Uncheck Windows Defender in the startup list.
(Type *MSCONFIG* in the run or search box)

Set the "Startup Type" in Windows Defender to "Disabled" in the services list.
(Type *SERVICES.MSC* in the search or run box)

Make sure to apply the change in both areas before restarting the computer.

----------------------------------------------------------


----------



## aliisa (Nov 14, 1999)

Hi, Frank,

Windows Defender does not appear in Startup. It's already unticked in Services - status is Stopped and it was disabled on 12/01/2014.
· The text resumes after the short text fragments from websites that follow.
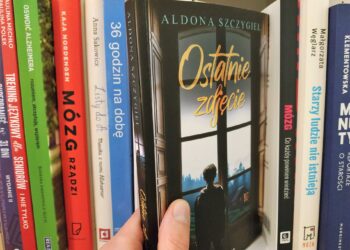Recenzja książki "Ostatnie zdjęcie" Aldony Szczygieł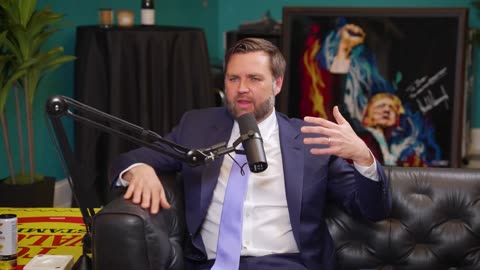 Vice President JD Vance | This Past Weekend w/ c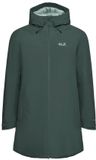 Jack Wolfskin Heidelstein 2 Ins JKT W Dames Blauw XXL Ski Jas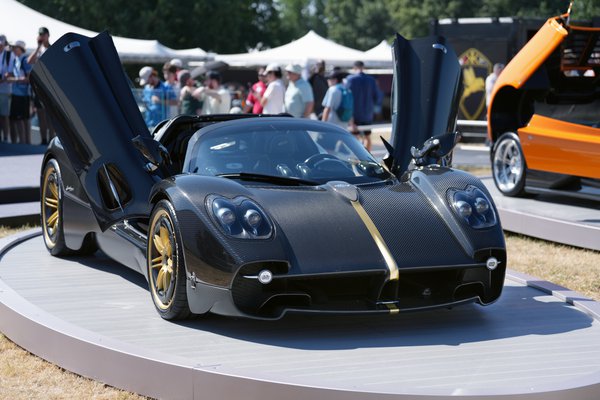 Automotive example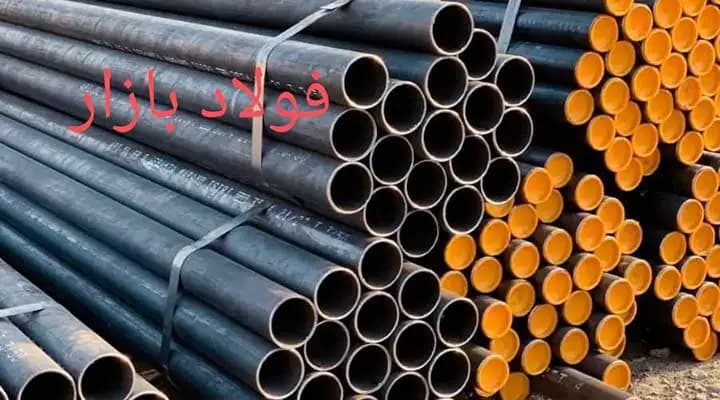 لوله api سپنتا سایز 1 اینچ ضخامت 3.4 — تصویر ۵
edit : I note that in Task Manger, it is showing as Running.


----------



## aliisa (Nov 14, 1999)

Phantom010,

I got your notification but I can't see your posting. Anyhow, it is listed there in Startup Type as Disabled. Nothing in Status. As I added to the previous reply, it is noted as running in Task Manager.


----------



## flavallee (May 12, 2002)

Nothing in the "Services" tab in the System Configuration window should be unchecked. See image.
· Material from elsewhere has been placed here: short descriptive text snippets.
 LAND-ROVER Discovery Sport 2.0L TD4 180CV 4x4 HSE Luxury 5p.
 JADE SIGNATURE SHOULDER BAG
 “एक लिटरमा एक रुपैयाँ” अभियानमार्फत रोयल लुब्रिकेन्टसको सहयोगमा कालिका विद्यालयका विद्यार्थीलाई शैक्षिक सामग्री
If you want to set the "startup type" of any service entry on Disabled or Manual or Automatic, you should do it in the "Services" window.
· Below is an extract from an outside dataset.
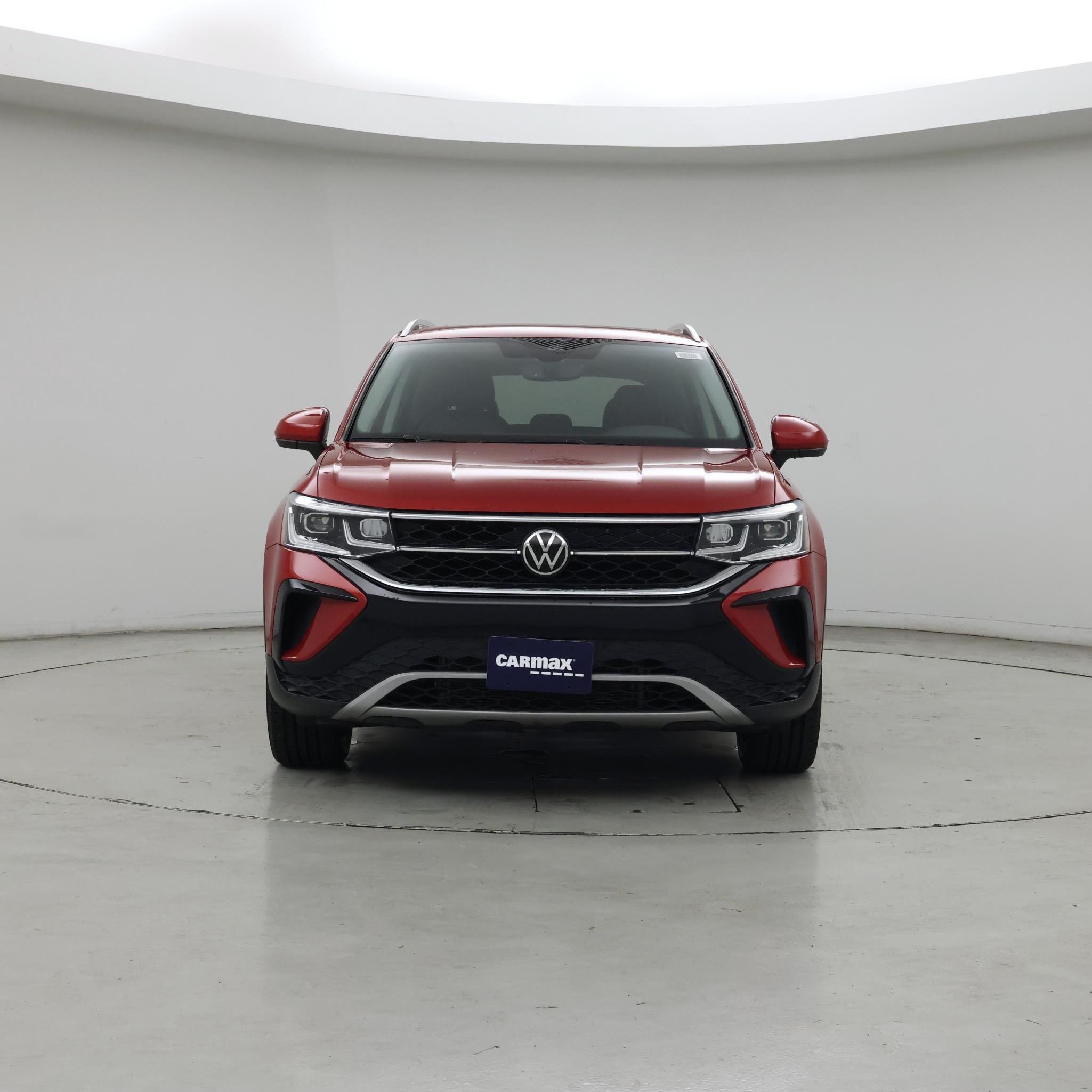 Thumbnail: 2022 Volkswagen Taos - 5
This is how Windows Defender looks like in my "Services" list. See image.


----------



## aliisa (Nov 14, 1999)

OK, here are my screenshots -


----------



## flavallee (May 12, 2002)

Let's see a screenshot of the System Configuration window "Startup" tab.

--------------------------------------------------------


----------



## aliisa (Nov 14, 1999)

Windows Defender is not listed


----------



## flavallee (May 12, 2002)

You appear to have Windows Defender turned off, so I don't know why the Task Manager shows it running. 

Avoid relying on System Restore for every little "hiccup" that appears in your computer because using it can cause even more problems. 

---------------------------------------------------------


----------



## aliisa (Nov 14, 1999)

flavallee said:


> You appear to have Windows Defender turned off, so I don't know why the Task Manager shows it running.


No ideas at all  ?



flavallee said:


> Avoid relying on System Restore for every little "hiccup" that appears in your computer because using it can cause even more problems.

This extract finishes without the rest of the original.